In the absence of this , could anyone please suggest a source of information about
precisely which events are meant to be supported by the 06_3CH  CPUs  ?
Are they Skylake or Haswell ?

Thanks in advance for any help / replies , Best Regards,
Jason <>






preceded by text on page

0 Kudos
2 Replies

Or, in short :
   I can't understand why my Haswell CPU with CPUID DisplayFamily_DisplayModel 06_3CH 
   ( whose PMU events should be documented in Tables 19-9 , 19-10, 19-11 ? ) 
   supports the Skylake Table 19-3 Event:
         Event #  |  Umask #  | Mnemonic
               00H      03H           CPU_CLK_UNHALTED.REF_TSC

     This event is documented nowhere else but in the Skylake Table. Is my "i7-4770" CPU some kind of
     Haswell + Skylake hybrid ?

     It silently accepts registration for Skylake events:
              00H      01H           INST_RETIRED.ANY
              00H      02H           CPU_CLK_UNHALTED.THREAD
    but always returns '0' for them.

$  egrep 'cpu family|model|name' /proc/cpuinfo | head -n 3
cpu family    : 6
model        : 60
model name    : Intel(R) Core(TM) i7-4770 CPU @ 3.40GHz
$ perf stat -e r0300 sleep 1
Performance counter stats for 'sleep 1':
         1,813,186      r0300
       1.000883663 seconds time elapsed

So this event documented ONLY in Skylake table is supported on Haswell . Why ?

Is there a better source of mappings between CPUID DisplayFamily_DisplayModel and precise PMU events supported?





Black Belt

Those events are the "fixed-function" counters, which are normally accessed either using the RDMSR instruction (as described in Table 19-2 of Volume 3 of the Intel Architectures Software Developers Manual) OR by using the RDPMC instruction with special counter values of (1<<30+0), (1<<30+1), and (1<<30+2).   This latter approach is described in the entry for the RDPMC instruction in Volume 2 of the Intel Architectures Software Developer's Manual.  

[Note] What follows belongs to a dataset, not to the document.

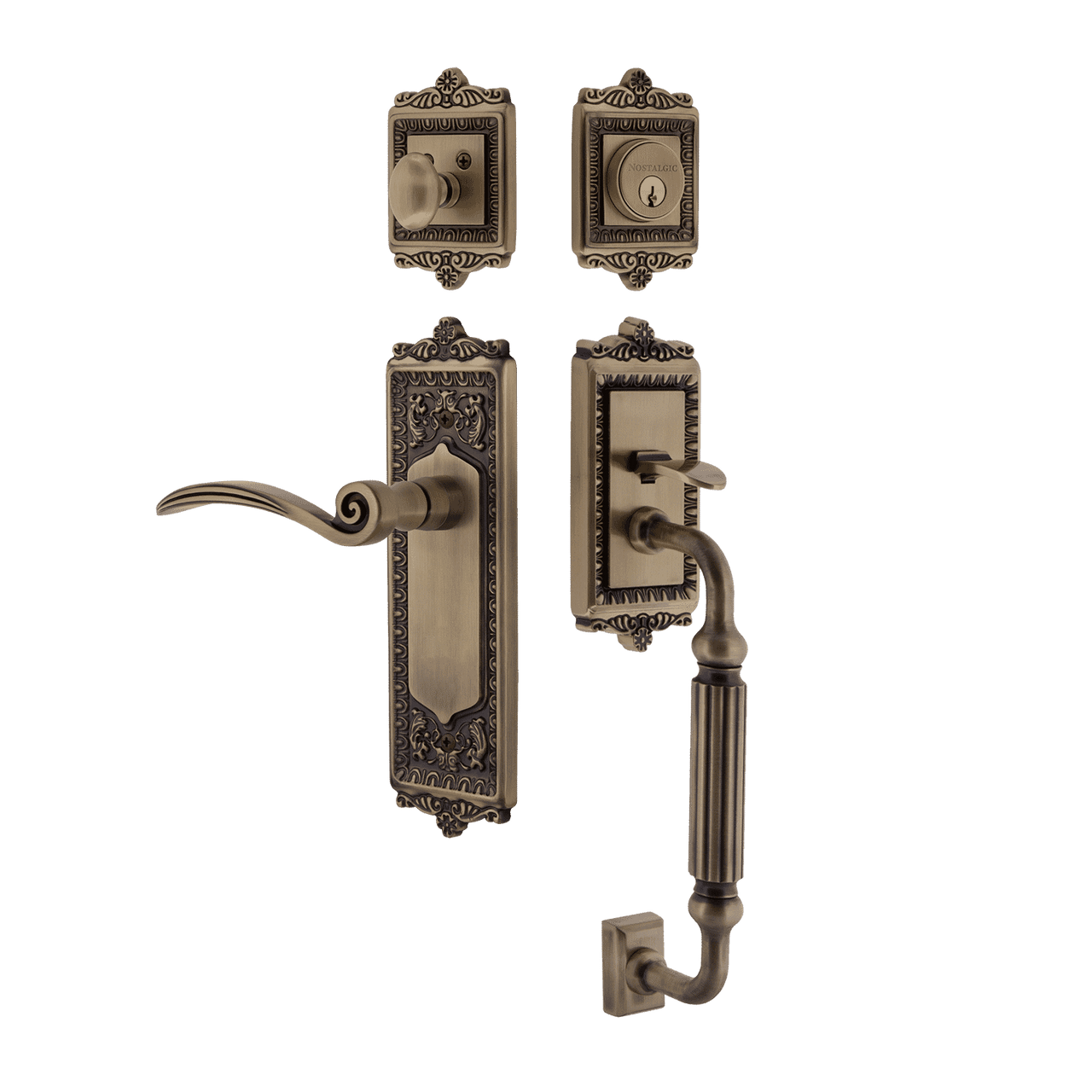 Nostalgic 768136: Entry Lockset w/Egg & Dart Backplate, F-Grip Exterior Handle and Swan Interior Lever - Antique Brass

I admit that I am a bit puzzled by the wording in Table 19-3.   While it is clear that the fixed-function events described above are independent of the programmable counters, Table 19-3 suggests using a programmable counter for the same events -- which clearly cannot leave all of the other programmable counters available.   I suggest ignoring the Event 0x00 encoding of the first three entries in Table 19-3 and use the special performance counter number encoding described above (i.e., counter numbers 1<<30 to 1<<30+2).  If you want to use the programmable counters for these events, use the encodings from Table 19-1, which provides the same event coverage.  For the fixed-function counters, the AnyThread bits are in the IA32_FIXED_CTR_CTRL MSR, instead of in the IA32_PERFEVTSEL* MSRs.

Note that the "reference cycles not halted" event means something slightly different in the fixed-function and programmable events.  The programmable event increments once for each "tick" of the reference clock (while the processor is not halted), but the fixed-function counter increments by P for each "tick" of the reference clock (while the processors is not halted), where "P" is the same multiplier ratio used by the TSC.